- Work instructions -
Reproduce the listing exactly and skip over any pictures.

BEGIN Collected data

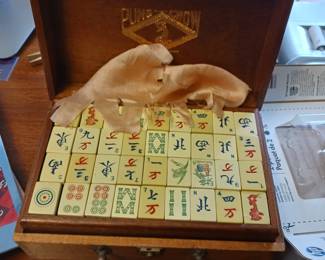 Mahjong game set tiles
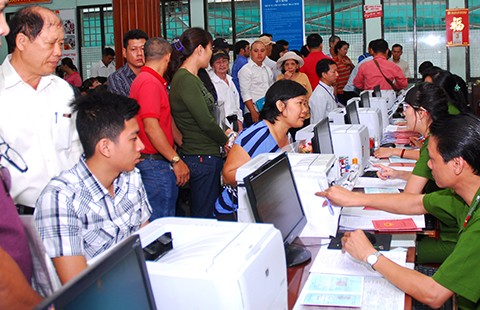 Đổ dồn làm căn cước công dân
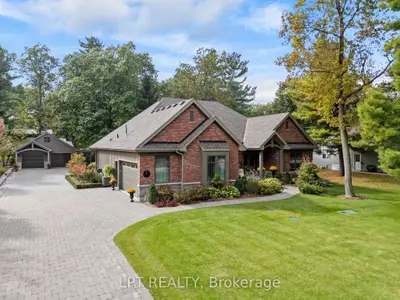 Detached in Lambton Shores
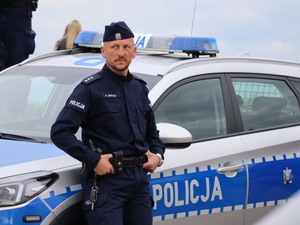 Mundurowi podczas zabezpieczania imprezy na terenie Kopca Wyzwolenia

END Collected data

- Output of the task -
 Mahjong game set tiles
 Đổ dồn làm căn cước công dân
 Detached in Lambton Shores
 Mundurowi podczas zabezpieczania imprezy na terenie Kopca Wyzwolenia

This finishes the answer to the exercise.